The state-run, defence Public Sector Unit, Hindustan Aeronautics Limited is on a complete halt since Monday after more than 90 percent of its workforce went on an indefinite strike. HAL founded in 1940 has five productions units in Bengaluru, Odisha, Lucknow in UP, Nashik in Maharashtra and Hyderabad, and has four research and development units across India.
The workers of all the nine units have joined the strike announced by the All India HAL Trade Unions Coordination Committee which is coordinating this strike. Mr. S. Chandrasekhar, the General Secretary of all 9 trade unions of HAL said that they have called the indefinite strike to demand fair wage revisions which are due for more than 2 years and some other demands including raise in perks.
Trade Union says that management misleading public and media.
Mr. Chanrasekhar countered a statement by the HAL management calling the strike as illegal and demands untenable. The management said that since HAL is a Defence Unit falling under public utility services under the Industrial Disputes Act, such a strike is illegal. Mr. Chandrasekhar said that the union gave enough time to the management for resolving the issue and had also duly informed the Labour Commissioner before announcing the strike.
HAL’s statement also said that the management has made a reasonable offer which is made keeping in mind the conditions at other PSUs in this sector. It further states that the Union’s demands are ‘unsustainable’ given the “current and future business scenario”. Mr. Chandrasekhar disagrees and cites the last Annual General Meeting of the company where the management told the shareholders that HAL has tuned a profit of Rs 2,282 crore with a record turnover of Rs. 19,400 crores.
Bone of contention
The Unions demand raise in the workers’ pay scales in conformity with the raise given to the officers of HAL. The management says that it is not justified to revise the workers’ wages at par with the executives as the latter’s salary revision in 2017 was done after the stipulated 10 year period from 1st January 2007. The workers’ wages have been revised twice between this period, first in 2007 and then in 2012 maintaining five-year revision periodicity, according to the management.

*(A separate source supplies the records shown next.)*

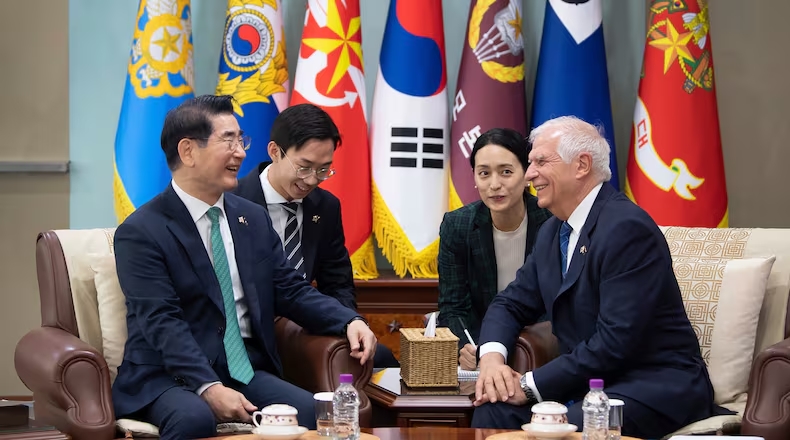 South Korean Defense Minister Kim Yong Hyun (L) and European Union foreign policy chief Josep Borrell (R), pose for a photo at the Defense Ministry, in Seoul, South Korea, Nov. 4, 2024. (South Korea Defense Ministry)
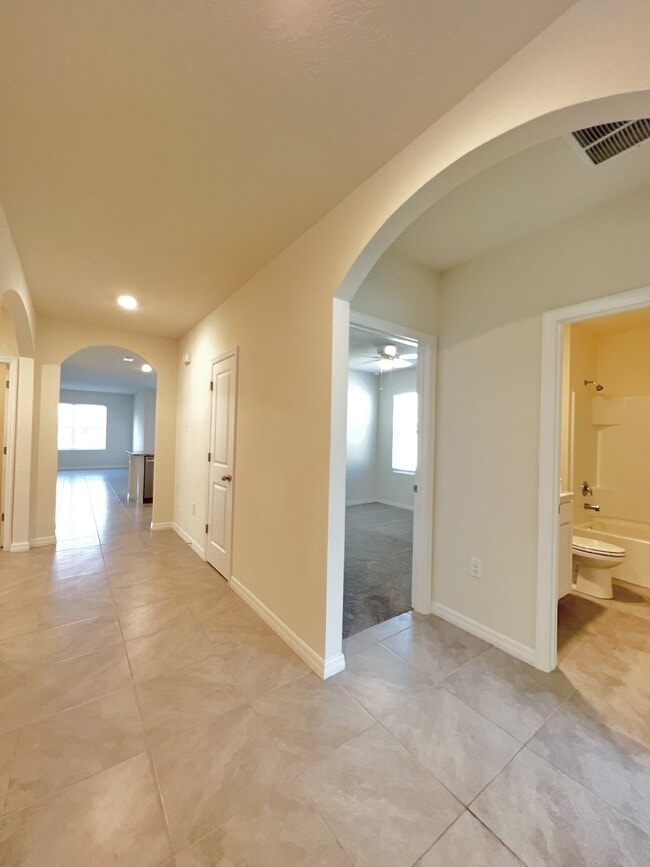 Photo - **4 bd/2bath Home available in the exclusive gated community of Lake Diamond!!!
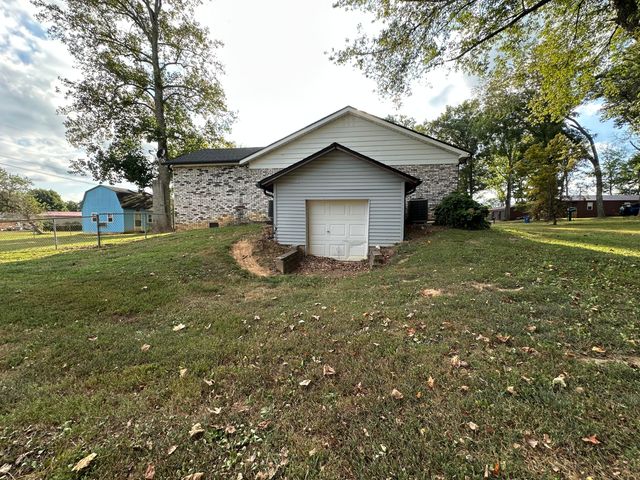 1910 Aldons Way, Somerset, KY 42503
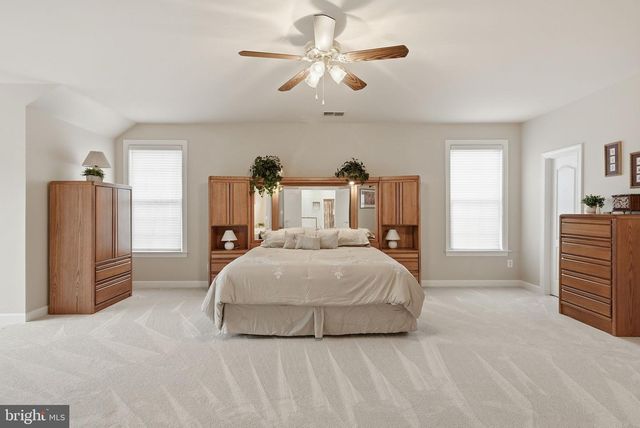 7820 ROSE GARDEN LN, Springfield, VA 22153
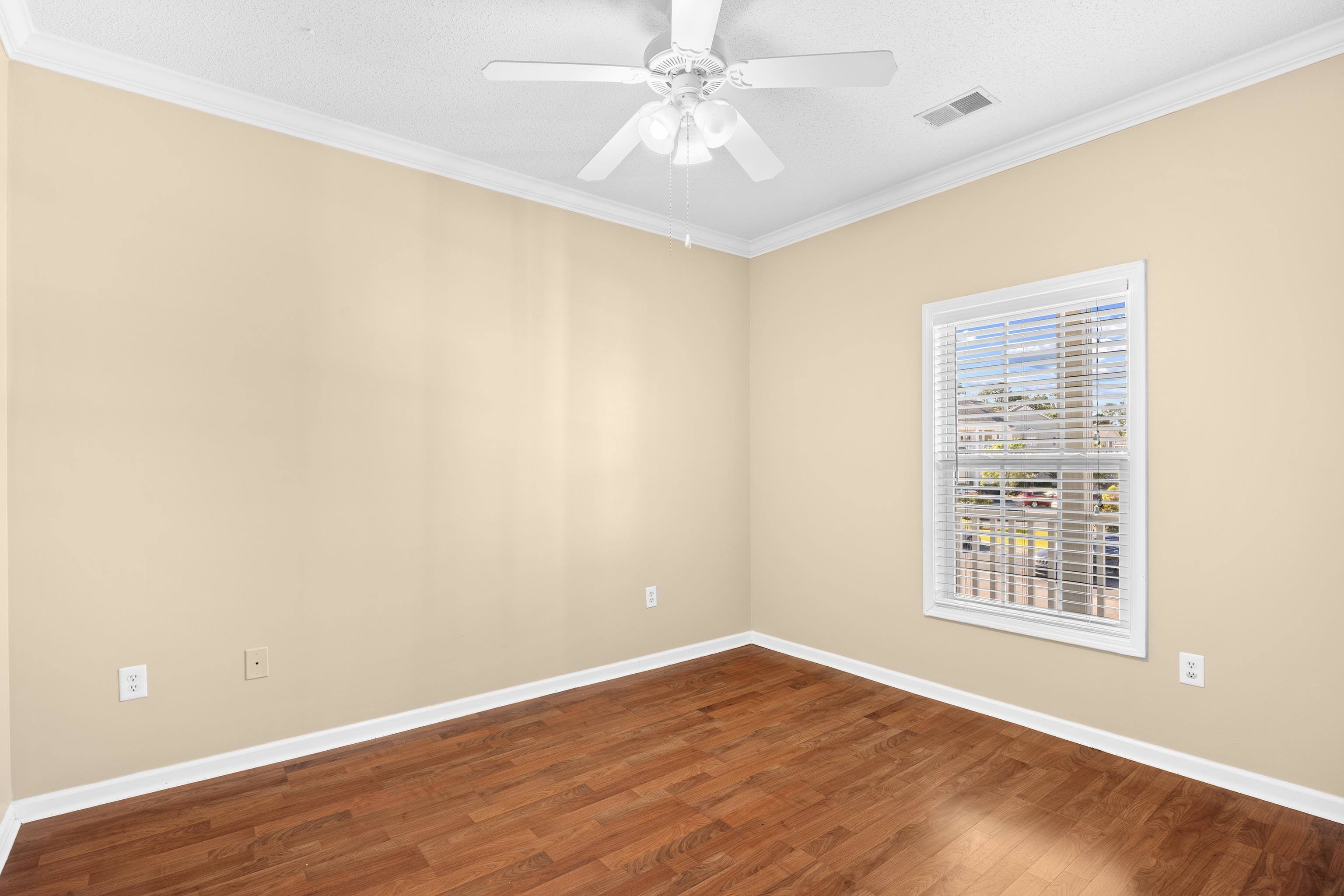 5840 Longwood Dr. Property Photo 34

However, the union defied the management’s claim terming it a “blatant lie” and said that the workers’ wages were not revised twice but were effected in two parts. Mr. Chandrasekhar said that it is equivalent to dividing the benefits of a single revision into two parts rather than being two separate revisions. The Union’s stand is that a fair wage revision should reflect a gross increase in the earnings of the workers.
Unions allege that there is discrimination in the wage growth rate of workers and officers. According to the Union’s statement, the increase in gross pay of officers is 35 percent and increase in perks is 110 to 115 percent while the workers are forced to accept a meagre 6 percent growth in gross pay. Mr. C.B. Ananthakrishnan, HAL Director (Finance) said that the workers would get an average hike of 17 percent after the wage revisions. The Unions have demanded 15 percent revision in fitment benefit and 35 percent in the perks.
HAL cites high labour costs at 24 percent of the total revenue which is above the industry standard of 15 to 16 percent and concerns of business sustainability keeping in mind cost-competitive nature of the industry for not acceding to the Unions’ demands. The Unions, on the other hand, maintain that the management is discriminative and has long ignored genuine demands of the workers forcing them to resort to this indefinite strike.
While Mr. Ananthakrishnan, on behalf of the management appealed, “We hope the employees withdraw the protest keeping in mind the national security and serviceability of defence force in mind”. Mr. Chandrasekhar responded, “If their contention is that we are against the national interest, they are also equally responsible for this”.
The strike which commenced on Monday is still continuing since both the employee’s union and the management are resolute on their respective stands. Despite a series of meetings between HAL management and the Unions as well as the All India HAL Trade Unions Committee, the resolution seems afar. The deadlock may continue for the next few days until either the government intervenes or parties reach an agreement.